TASK DESCRIPTION :: Everything from the line that contains "Kit com 4 Velas" through the last line of the listing must be copied exactly, with both of those lines included and no others.

Segment Open

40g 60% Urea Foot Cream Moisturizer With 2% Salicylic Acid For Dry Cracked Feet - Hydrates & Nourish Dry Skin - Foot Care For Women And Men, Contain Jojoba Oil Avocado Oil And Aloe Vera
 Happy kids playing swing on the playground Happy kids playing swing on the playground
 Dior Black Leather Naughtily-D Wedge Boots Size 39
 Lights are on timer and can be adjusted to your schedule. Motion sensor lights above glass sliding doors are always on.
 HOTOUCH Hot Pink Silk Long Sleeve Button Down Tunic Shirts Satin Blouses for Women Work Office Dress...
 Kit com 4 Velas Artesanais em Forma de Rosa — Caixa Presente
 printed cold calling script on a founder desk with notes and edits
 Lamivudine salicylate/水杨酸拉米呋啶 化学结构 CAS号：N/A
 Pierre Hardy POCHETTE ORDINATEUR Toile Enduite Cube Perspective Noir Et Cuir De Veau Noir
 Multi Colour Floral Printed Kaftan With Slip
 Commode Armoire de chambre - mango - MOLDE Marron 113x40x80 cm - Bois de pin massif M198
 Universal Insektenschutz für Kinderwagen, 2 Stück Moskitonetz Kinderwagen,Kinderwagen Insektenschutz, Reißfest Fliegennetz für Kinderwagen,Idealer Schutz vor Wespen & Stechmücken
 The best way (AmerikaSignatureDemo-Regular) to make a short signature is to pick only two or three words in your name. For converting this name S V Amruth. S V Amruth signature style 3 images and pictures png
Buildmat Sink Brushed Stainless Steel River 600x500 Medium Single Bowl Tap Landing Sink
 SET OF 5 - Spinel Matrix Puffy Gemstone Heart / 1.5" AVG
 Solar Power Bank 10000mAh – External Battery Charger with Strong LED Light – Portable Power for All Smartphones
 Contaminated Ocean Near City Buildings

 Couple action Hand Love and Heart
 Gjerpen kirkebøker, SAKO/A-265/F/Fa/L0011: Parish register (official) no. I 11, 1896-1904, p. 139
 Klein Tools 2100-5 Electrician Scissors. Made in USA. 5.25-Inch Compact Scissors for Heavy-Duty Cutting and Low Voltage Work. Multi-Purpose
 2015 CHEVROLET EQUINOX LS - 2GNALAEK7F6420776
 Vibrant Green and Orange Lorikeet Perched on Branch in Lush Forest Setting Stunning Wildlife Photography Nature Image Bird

Segment Closed

ANSWER SPACE ::
 Kit com 4 Velas Artesanais em Forma de Rosa — Caixa Presente
 printed cold calling script on a founder desk with notes and edits
 Lamivudine salicylate/水杨酸拉米呋啶 化学结构 CAS号：N/A
 Pierre Hardy POCHETTE ORDINATEUR Toile Enduite Cube Perspective Noir Et Cuir De Veau Noir
 Multi Colour Floral Printed Kaftan With Slip
 Commode Armoire de chambre - mango - MOLDE Marron 113x40x80 cm - Bois de pin massif M198
 Universal Insektenschutz für Kinderwagen, 2 Stück Moskitonetz Kinderwagen,Kinderwagen Insektenschutz, Reißfest Fliegennetz für Kinderwagen,Idealer Schutz vor Wespen & Stechmücken
 The best way (AmerikaSignatureDemo-Regular) to make a short signature is to pick only two or three words in your name. For converting this name S V Amruth. S V Amruth signature style 3 images and pictures png
Buildmat Sink Brushed Stainless Steel River 600x500 Medium Single Bowl Tap Landing Sink
 SET OF 5 - Spinel Matrix Puffy Gemstone Heart / 1.5" AVG
 Solar Power Bank 10000mAh – External Battery Charger with Strong LED Light – Portable Power for All Smartphones
 Contaminated Ocean Near City Buildings

 Couple action Hand Love and Heart
 Gjerpen kirkebøker, SAKO/A-265/F/Fa/L0011: Parish register (official) no. I 11, 1896-1904, p. 139
 Klein Tools 2100-5 Electrician Scissors. Made in USA. 5.25-Inch Compact Scissors for Heavy-Duty Cutting and Low Voltage Work. Multi-Purpose
 2015 CHEVROLET EQUINOX LS - 2GNALAEK7F6420776
 Vibrant Green and Orange Lorikeet Perched on Branch in Lush Forest Setting Stunning Wildlife Photography Nature Image Bird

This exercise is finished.